TASK TO CARRY OUT: Pictures do not belong in your copy. Repeat all the other data exactly.
SUPPLIED DATA Block Start
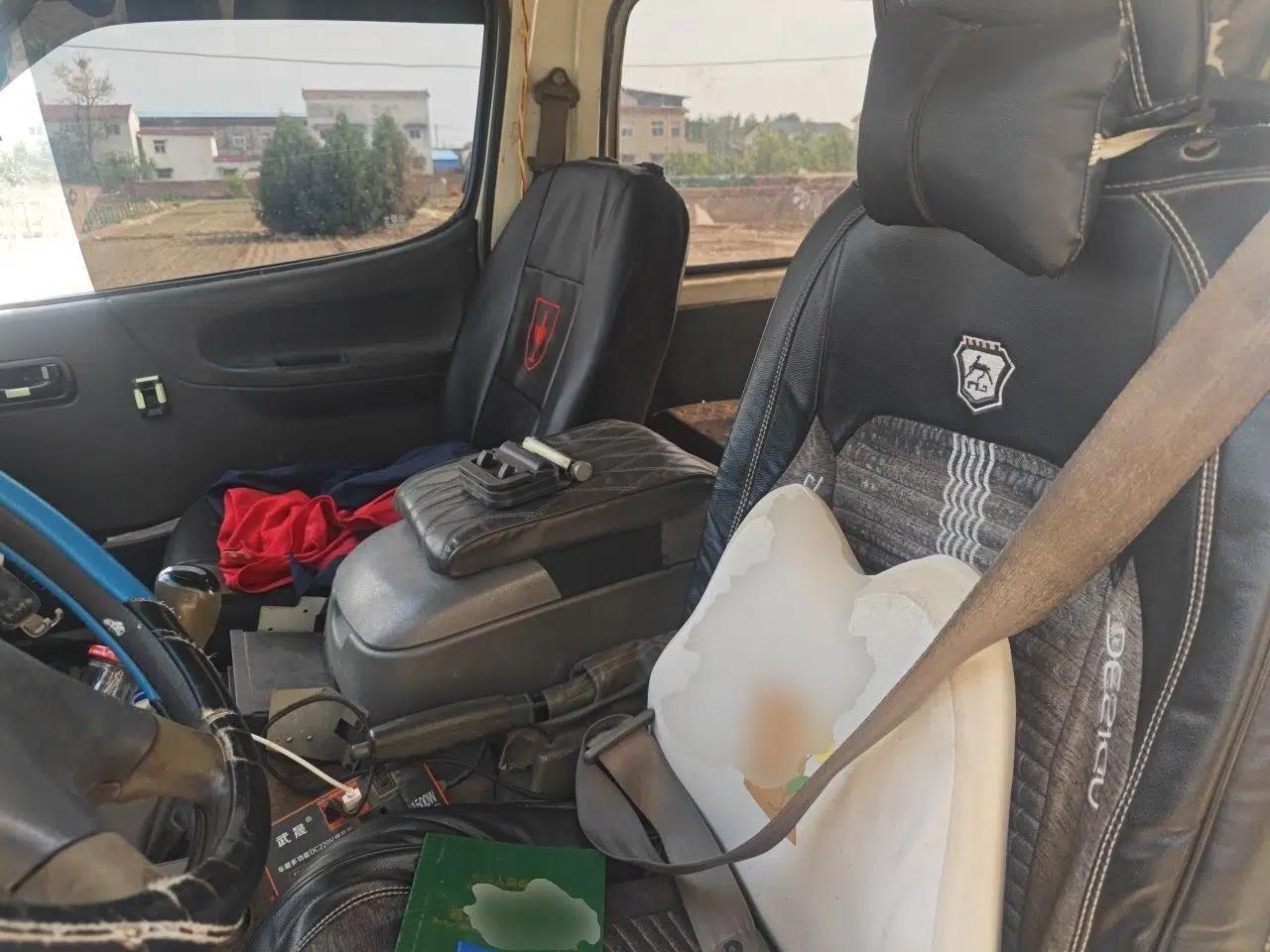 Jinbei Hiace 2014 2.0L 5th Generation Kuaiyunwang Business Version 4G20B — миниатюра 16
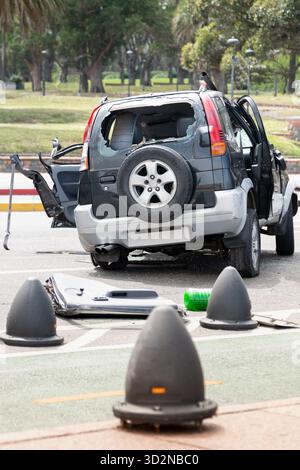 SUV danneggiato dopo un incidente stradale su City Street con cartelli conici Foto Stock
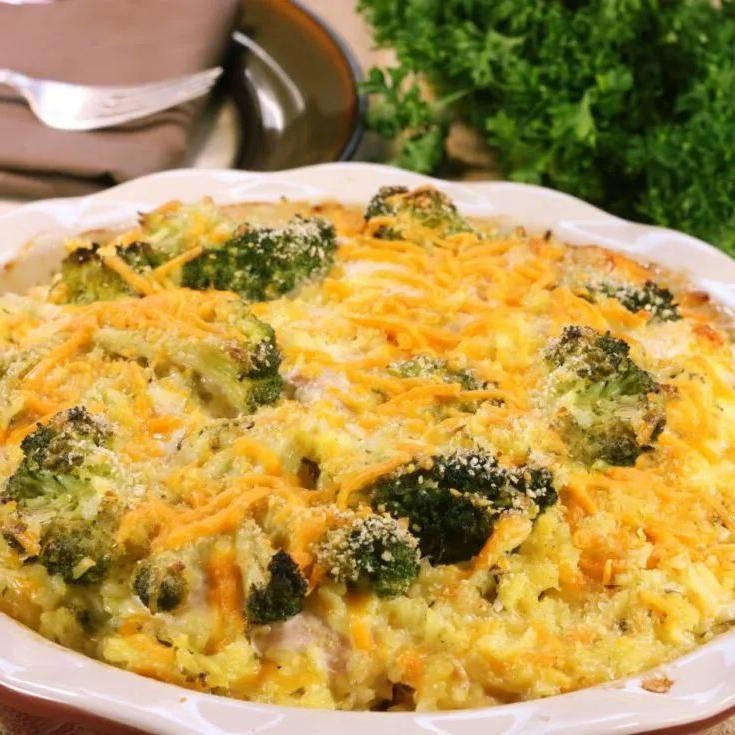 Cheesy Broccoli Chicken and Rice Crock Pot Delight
SUPPLIED DATA Block End
REPLY:
 Jinbei Hiace 2014 2.0L 5th Generation Kuaiyunwang Business Version 4G20B — миниатюра 16
 SUV danneggiato dopo un incidente stradale su City Street con cartelli conici Foto Stock
 Cheesy Broccoli Chicken and Rice Crock Pot Delight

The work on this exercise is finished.